▸ Work task:
Find the line that contains "Photo high angle" in the entries below. Restate it and every line after it, word for word, with no pictures.

Data extracted from a collection
*** Begin section ***

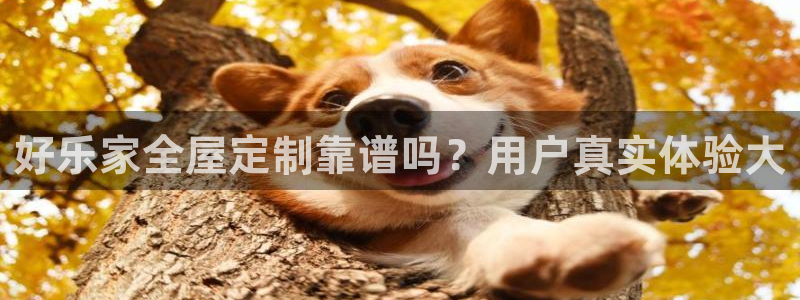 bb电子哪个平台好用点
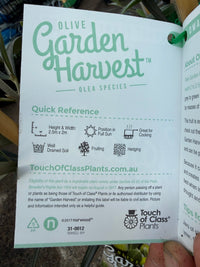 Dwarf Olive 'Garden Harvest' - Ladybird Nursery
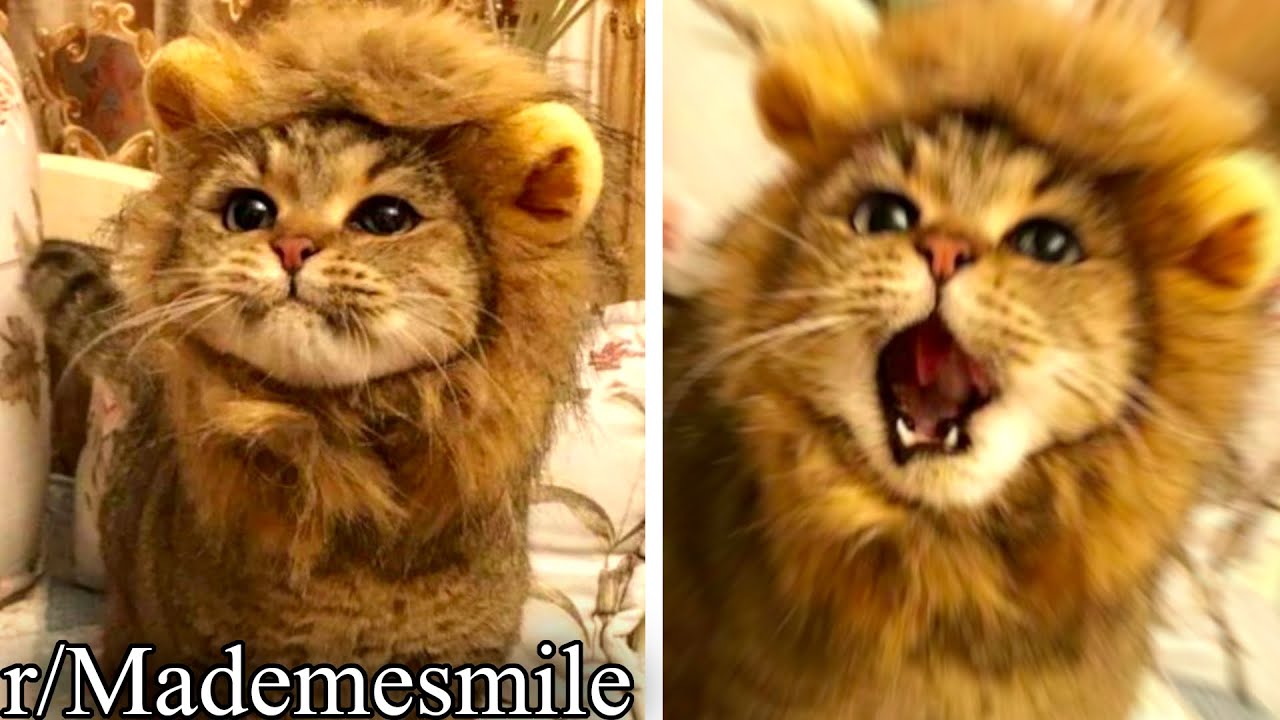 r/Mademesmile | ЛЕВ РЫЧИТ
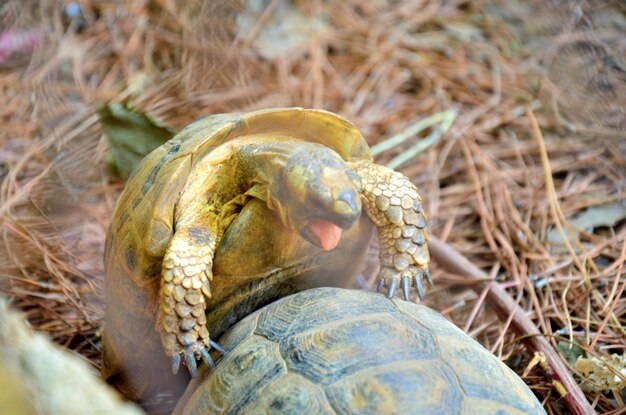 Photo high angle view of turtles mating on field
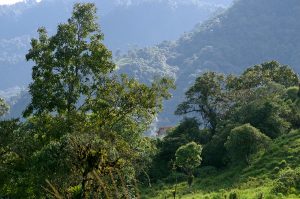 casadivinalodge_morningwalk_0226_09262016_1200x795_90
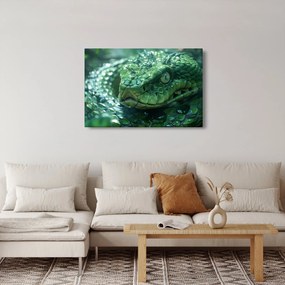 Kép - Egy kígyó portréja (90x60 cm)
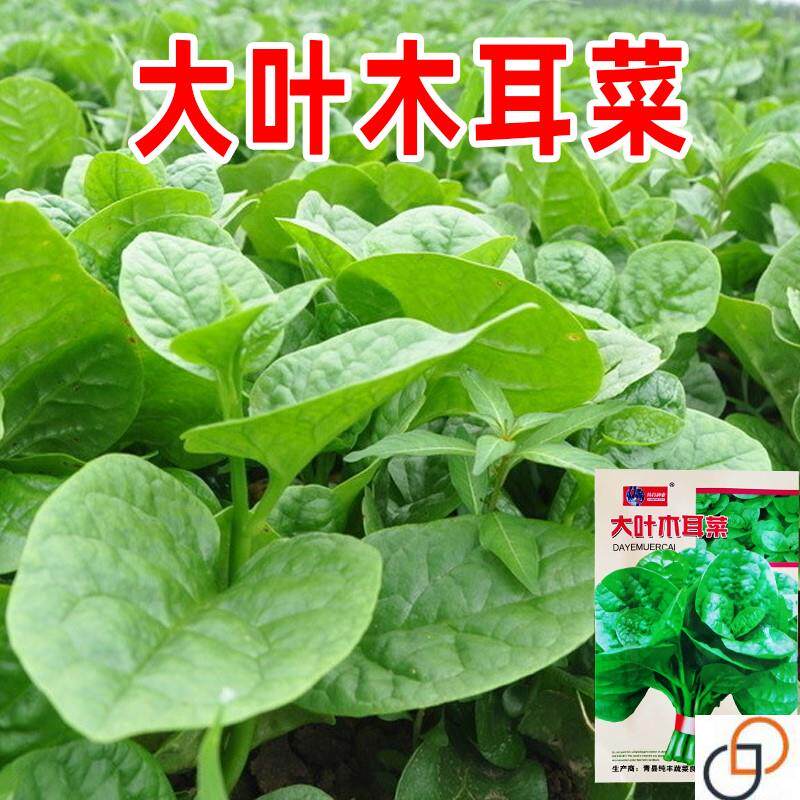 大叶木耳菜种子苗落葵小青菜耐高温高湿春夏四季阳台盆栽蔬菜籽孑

*** End section ***

▸ Task response:
 Photo high angle view of turtles mating on field
 casadivinalodge_morningwalk_0226_09262016_1200x795_90
 Kép - Egy kígyó portréja (90x60 cm)
 大叶木耳菜种子苗落葵小青菜耐高温高湿春夏四季阳台盆栽蔬菜籽孑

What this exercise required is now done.